MATERIAL PROVIDED:
┌────────
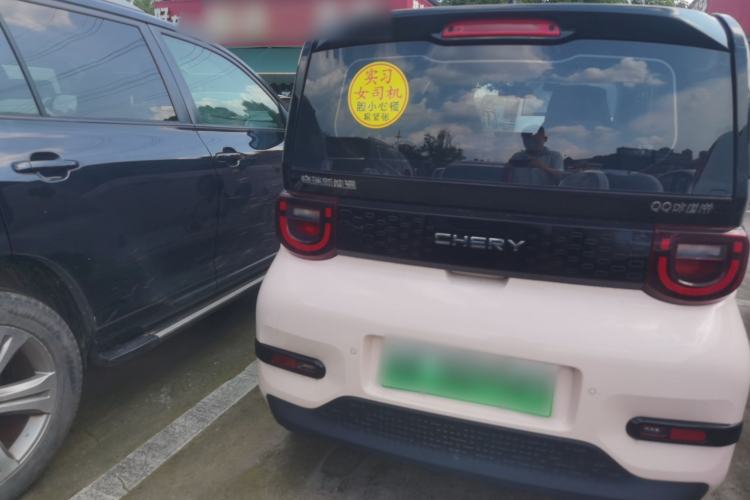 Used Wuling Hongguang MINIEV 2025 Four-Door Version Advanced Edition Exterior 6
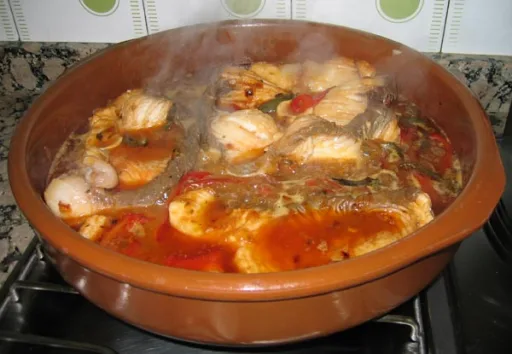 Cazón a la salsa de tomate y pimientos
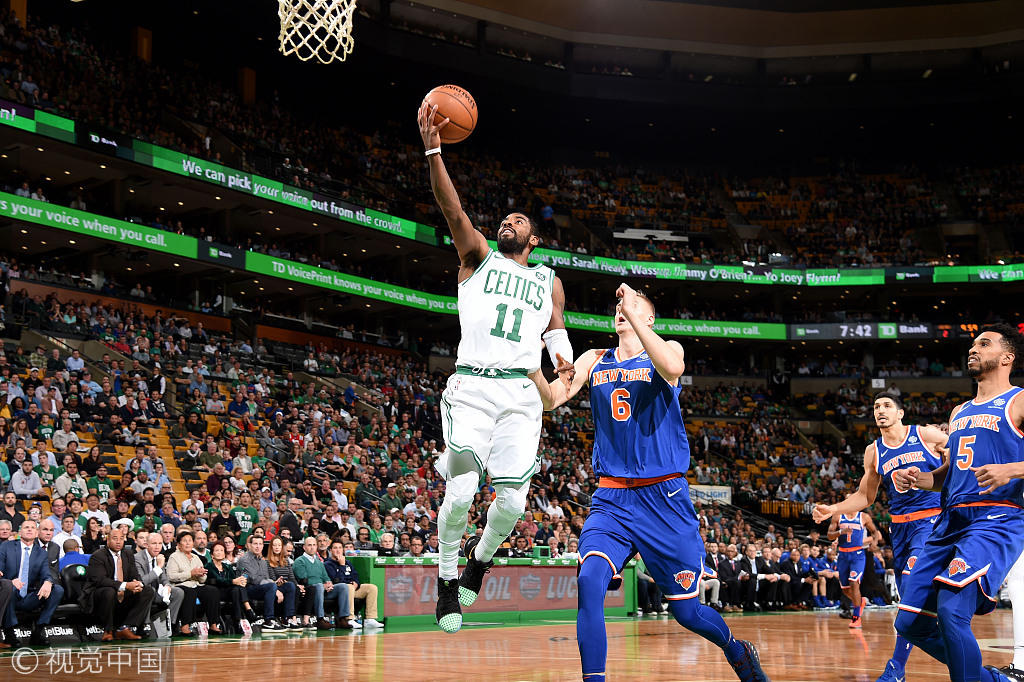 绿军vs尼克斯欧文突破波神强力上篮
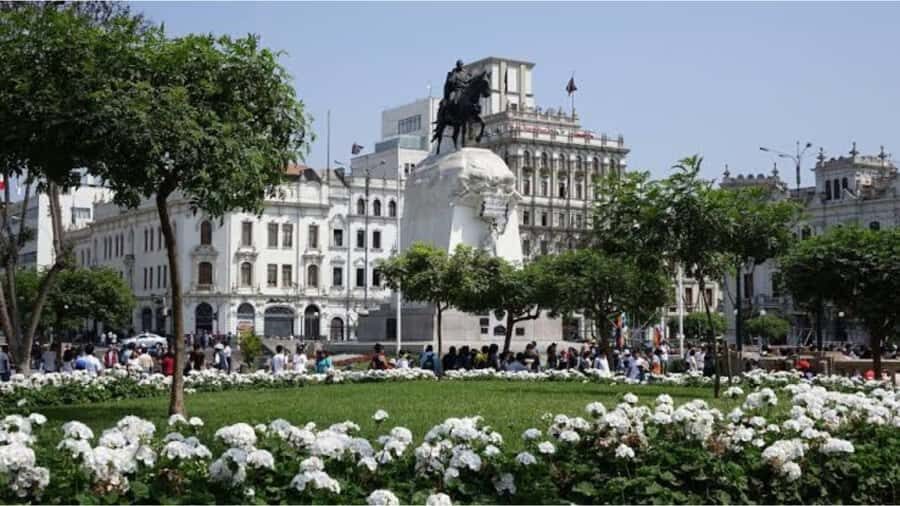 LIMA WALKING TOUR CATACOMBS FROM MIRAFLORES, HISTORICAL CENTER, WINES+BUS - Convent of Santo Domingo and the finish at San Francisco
└────────
PROBLEM: An exact transcription of the material is required, without any pictures.

WORKED SOLUTION:
 Used Wuling Hongguang MINIEV 2025 Four-Door Version Advanced Edition Exterior 6
 Cazón a la salsa de tomate y pimientos
 绿军vs尼克斯欧文突破波神强力上篮
 LIMA WALKING TOUR CATACOMBS FROM MIRAFLORES, HISTORICAL CENTER, WINES+BUS - Convent of Santo Domingo and the finish at San Francisco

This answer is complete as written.